> _REQUIREMENT_:
Transcription, pictures excluded: write out the data below exactly.

> _DATA SHOWN_:
+ + + +

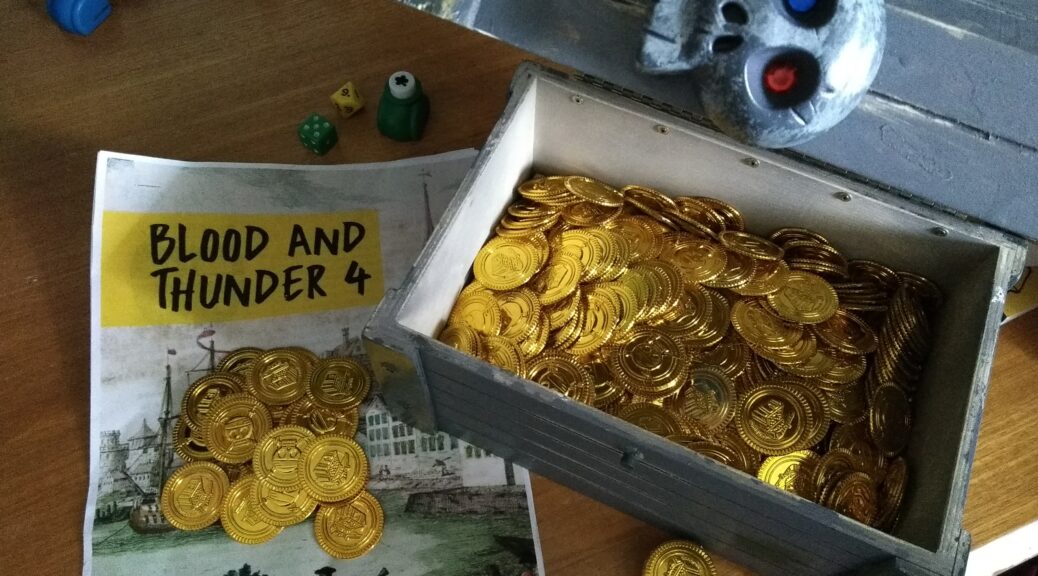 Briefing for Blood and Thunder 4 megagame and a wooden treasure chest filled with gold coins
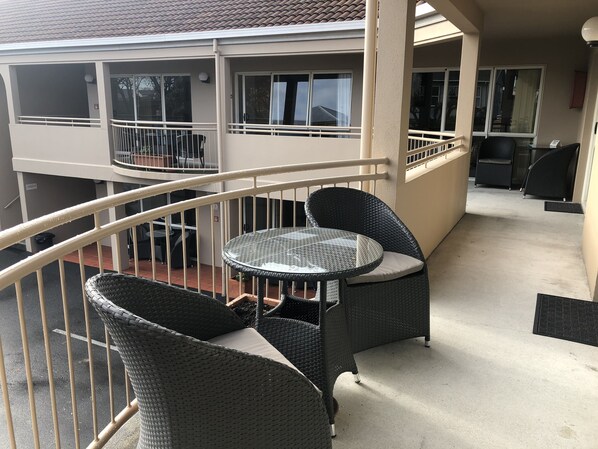 A balcony with wicker furniture, including a table and chairs, and a view of the building's exterior.
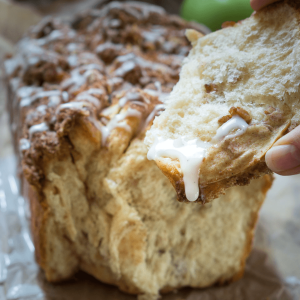 A hand holding a piece of cinnamon apple bread thats been pulled from the loaf. A drizzle of glaze is running off the front.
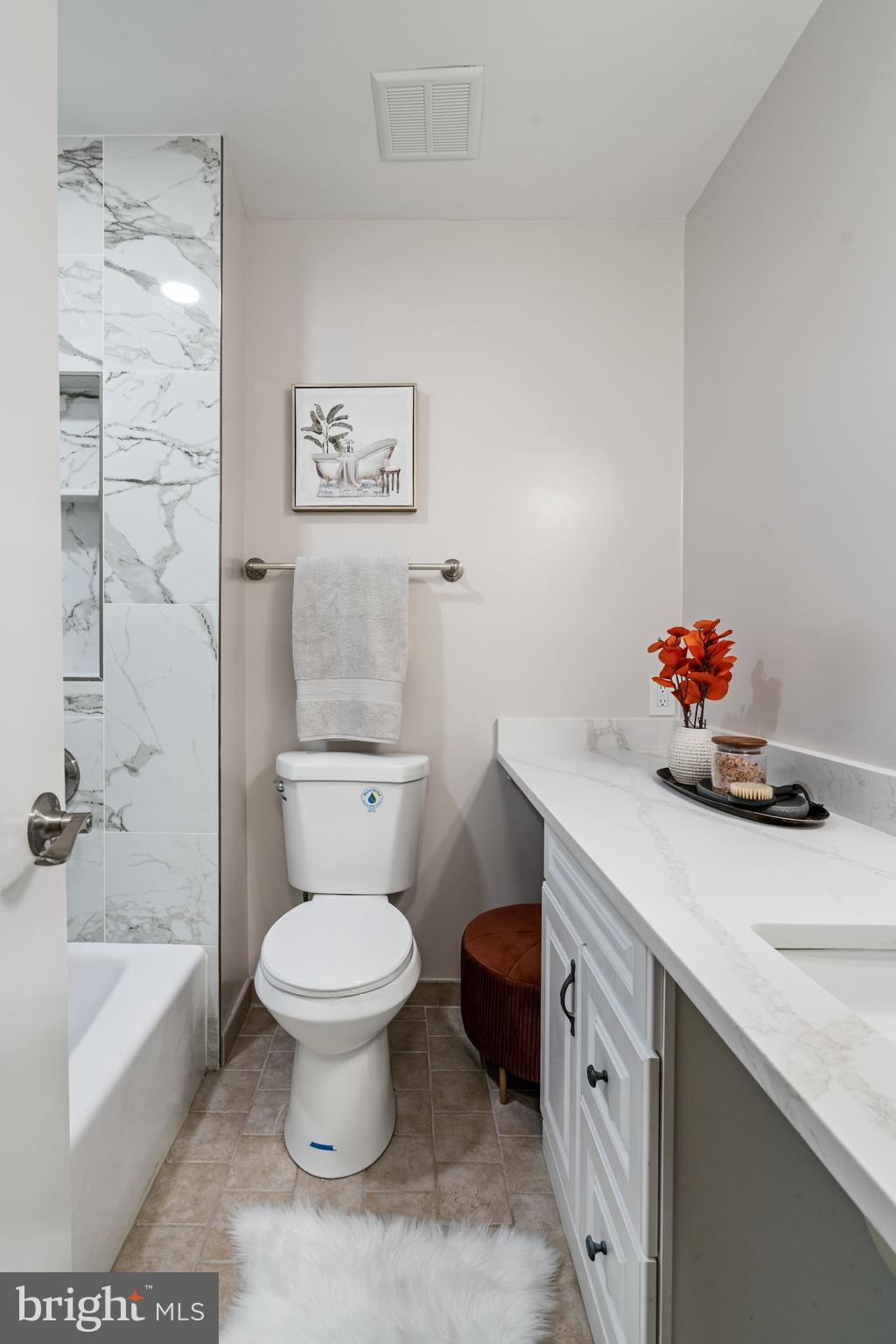 2192 Golf Course Drive Reston, VA 20191 - Photo 19 of 125 a bathroom with a sink toilet and shower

+ + + +

> _RESULT_:
 Briefing for Blood and Thunder 4 megagame and a wooden treasure chest filled with gold coins
 A balcony with wicker furniture, including a table and chairs, and a view of the building's exterior.
 A hand holding a piece of cinnamon apple bread thats been pulled from the loaf. A drizzle of glaze is running off the front.
 2192 Golf Course Drive Reston, VA 20191 - Photo 19 of 125 a bathroom with a sink toilet and shower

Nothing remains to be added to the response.